Started looking at the OS (centos 7.8), maybe open files is not enough. Looked and we did set it to over 1M open files. We did notice that we set the rule on the mysql user but systemctl has it's own setting. Set it at systemctl level (/lib/systemd/system/mysqld.service && /etc/systemd/system/mysqld.service.d/limits.conf) and restarted mysql. A day passes and slow down re-appears. Now though the server can't even keep up with the replication let alone additional traffic.

I thought it was my multi threaded replication (as we have 4 primary databases) so I dropped it to single threaded. All that did was make show slave status always show Slave_SQL_Running_State: waiting for handler commit.

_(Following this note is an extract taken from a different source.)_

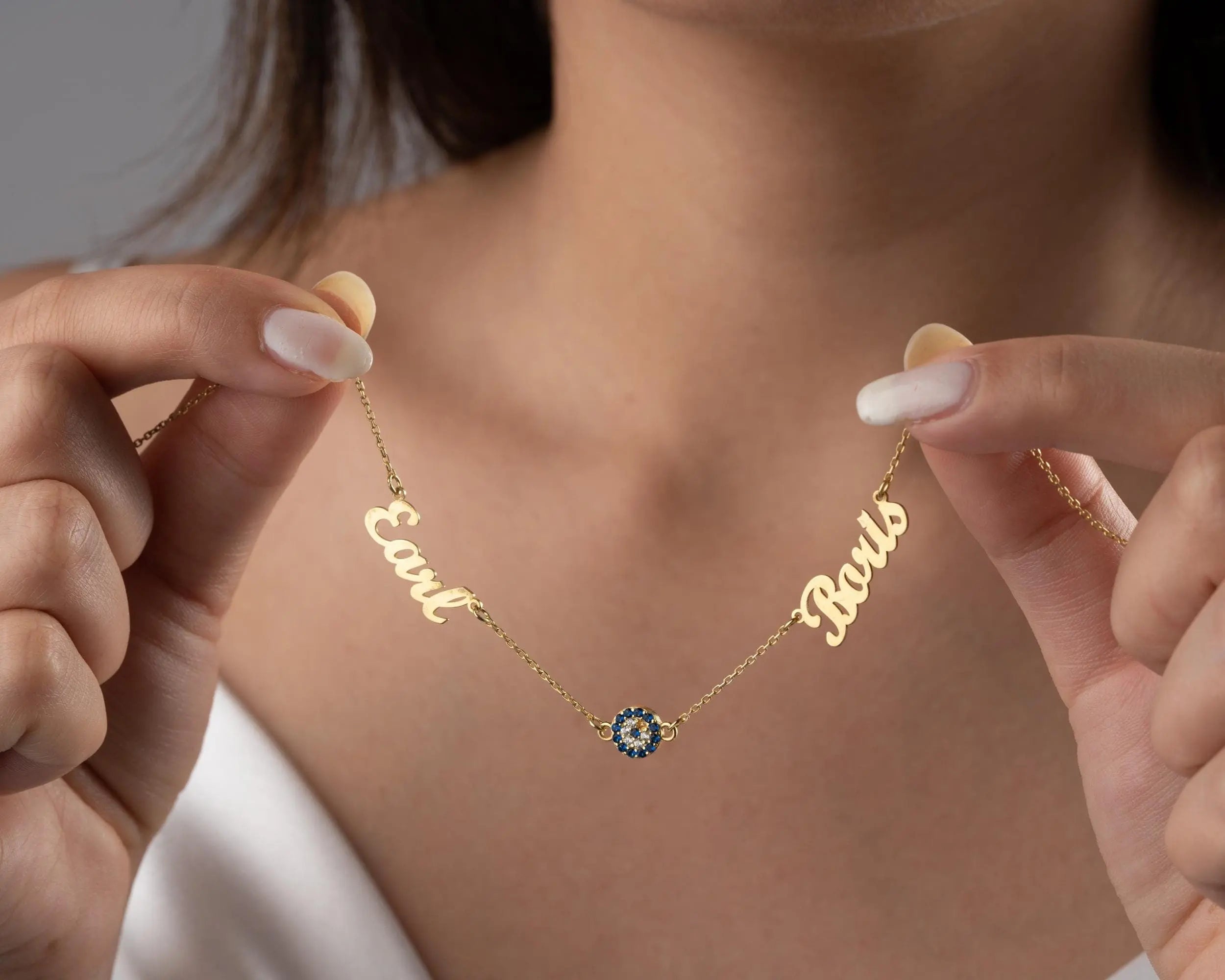 Collier prénom mauvais œil en or : Bijoux personnalisés en argent sterling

At this stage I'm just stumped at what's happening. The new server replication just falling behind more and more and show full processlist always has queries with either waiting for handler commit or checking permissions. What seems the slowest is drop tables though. I can see a drop tables hanging in the process list for 3-5 seconds

State: waiting for handler commit
Info: DROP TABLE IF EXISTS crm.invalidPhoneNumbersCompiled_TMP,crm.invalidPhoneNumbersCompiled_OLD /* generated by server */

We also found this on stackoverflow and went ahead and set all the variables on our server but same result.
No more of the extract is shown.